Widespread state-dependent shifts in cerebellar activity in locomoting mice

Abstract

Excitatory drive enters the cerebellum via mossy fibers, which activate granule cells, and climbing fibers, which activate Purkinje cell dendrites. Until now, the coordinated regulation of these pathways has gone unmonitored in spatially resolved neuronal ensembles, especially in awake animals. We imaged cerebellar activity using functional two-photon microscopy and extracellular recording in awake mice locomoting on an air-cushioned spherical treadmill. We recorded from putative granule cells, molecular layer interneurons, and Purkinje cell dendrites in zone A of lobule IV/V, representing sensation and movement from trunk and limbs. Locomotion was associated with widespread increased activity in granule cells and interneurons, consistent with an increase in mossy fiber drive.
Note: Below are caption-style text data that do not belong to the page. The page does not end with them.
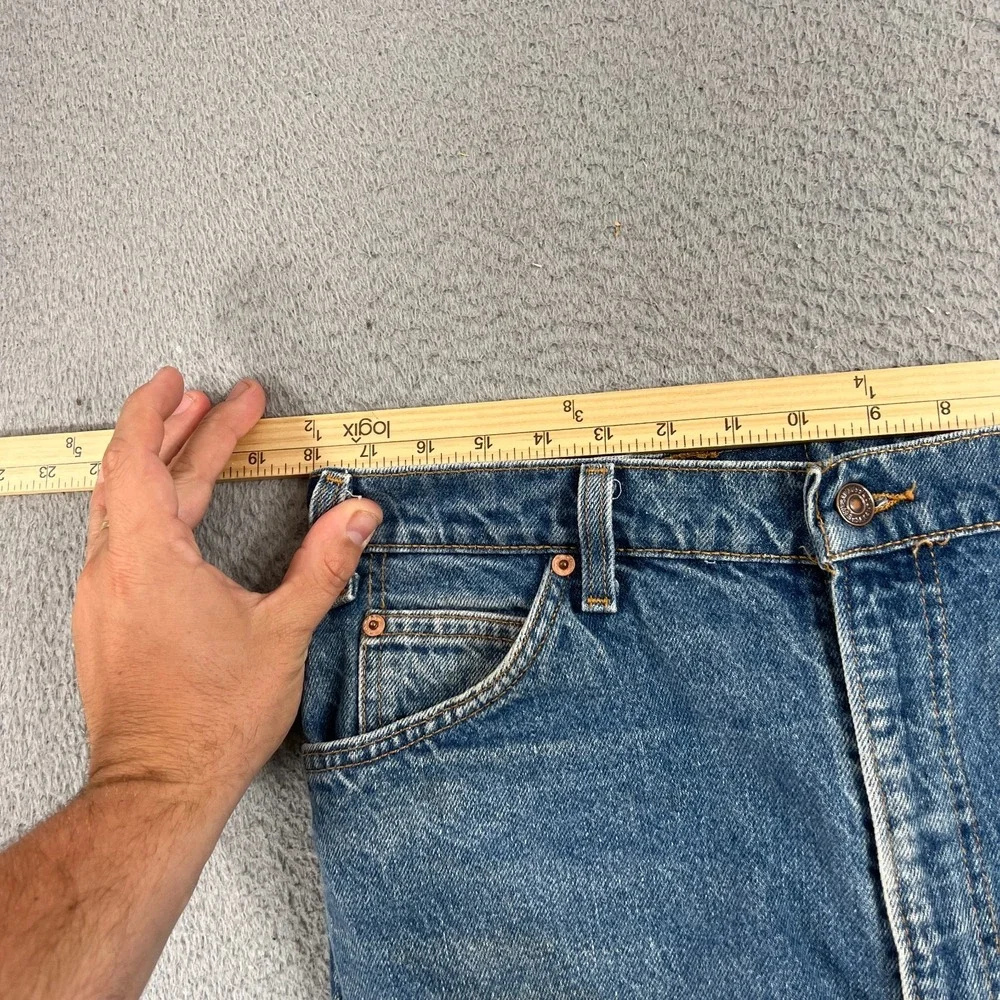 Levis note stains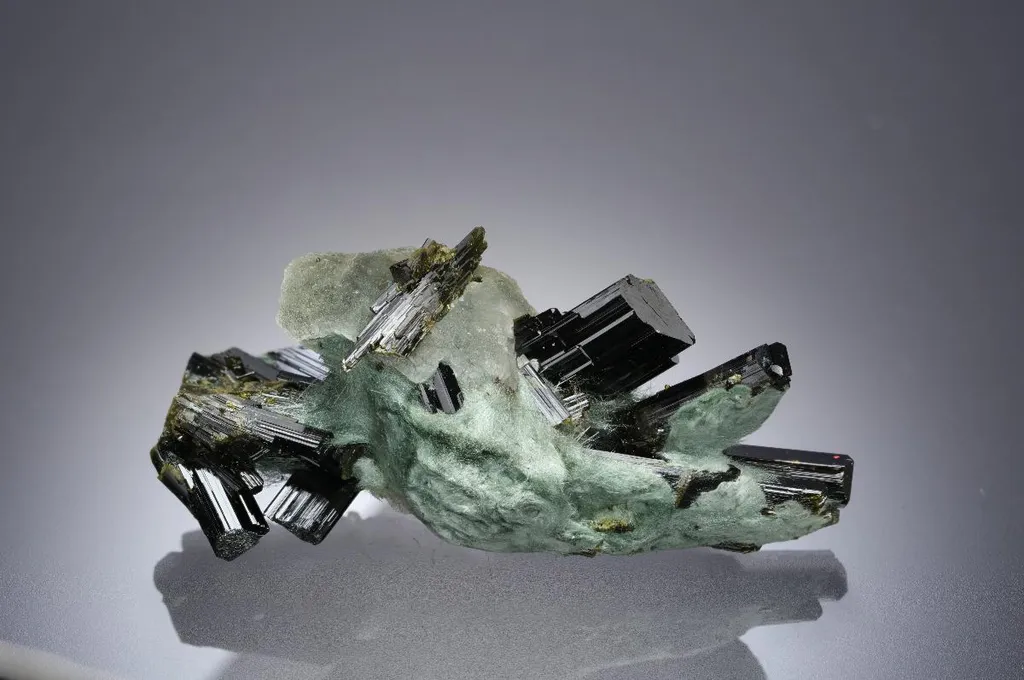 Epidote with Actinolite var. BYSSOLITE image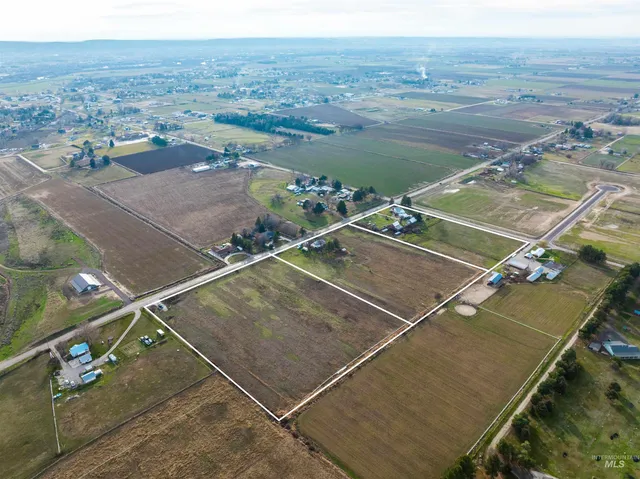 $1,799,000 | 970 West Black Canyon Highway, Emmett, ID 83617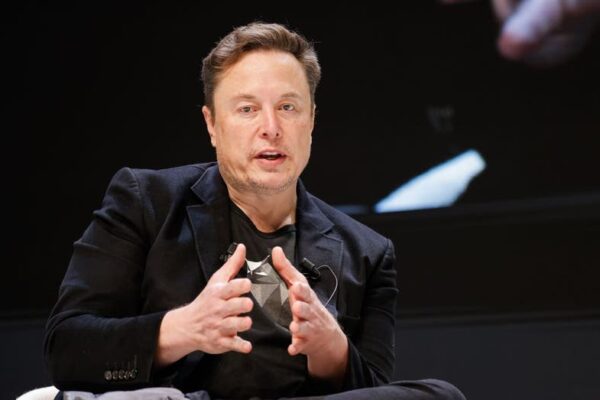 Elon Musk offers to pay TSA workers' salaries amid DHS budget standoff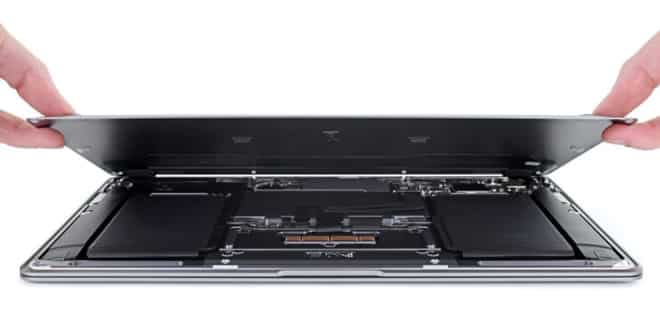 Macbook Air 2020 có gì độc đáo khi tháo rời? Macbook Air 2020 có gì độc đáo khi tháo rời?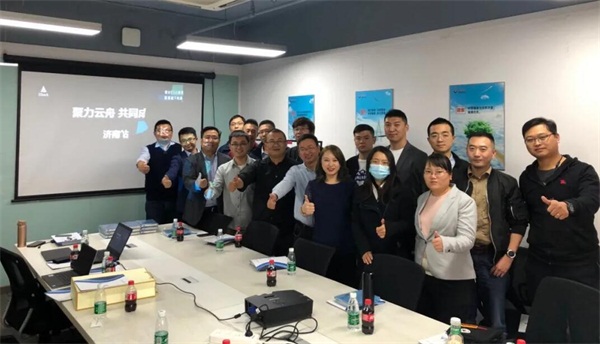 ZStack私有云平臺榮獲信創(chuàng)、邊緣云榮譽，聯(lián)動阿里云、天翼云、偉仕佳杰等開展伙伴活動！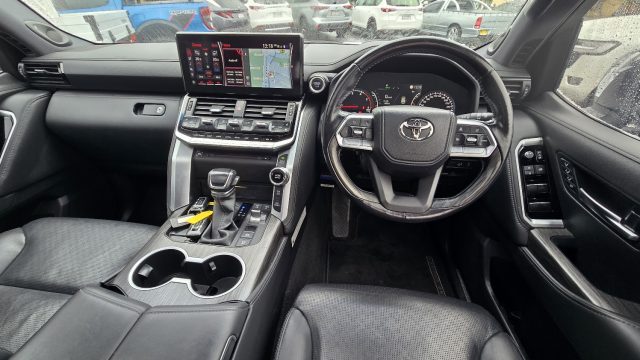 2021 Toyota LandCruiser - Image 2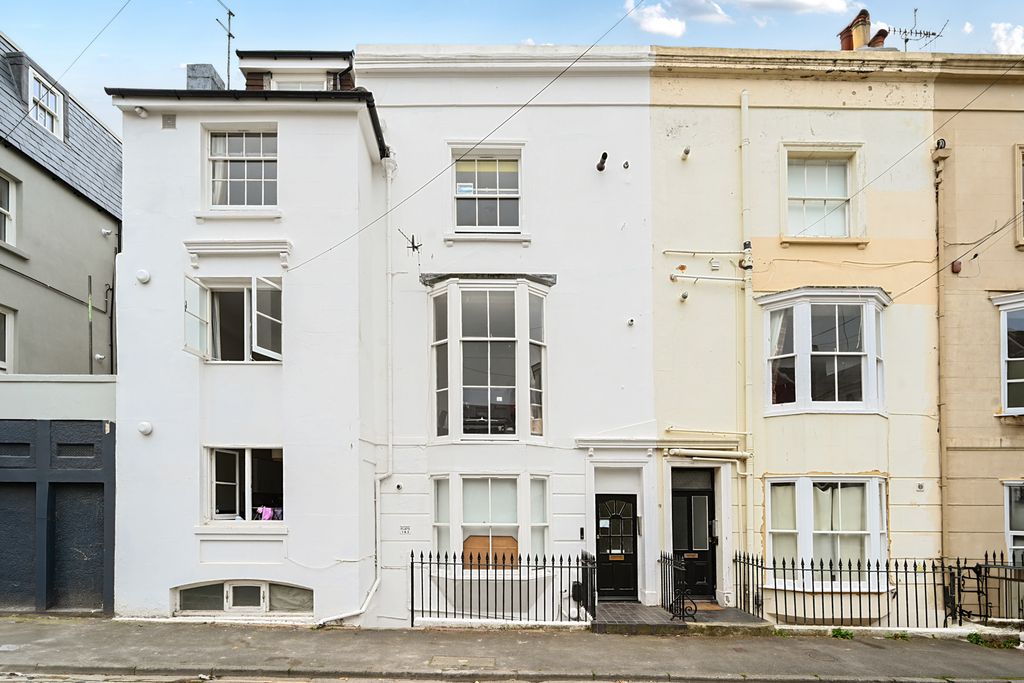 Property photo 1 of 12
At the same time, dendrites of different Purkinje cells showed increased co-activation, reflecting increased synchrony of climbing fiber activity. In resting animals, aversive stimuli triggered increased activity in granule cells and interneurons, as well as increased Purkinje cell co-activation that was strongest for neighboring dendrites and decreased smoothly as a function of mediolateral distance. In contrast with anesthetized recordings, no 1-10 Hz oscillations in climbing fiber activity were evident. Once locomotion began, responses to external stimuli in all three cell types were strongly suppressed. Thus climbing and mossy fiber representations can shift together within a fraction of a second, reflecting in turn either movement-associated activity or external stimuli.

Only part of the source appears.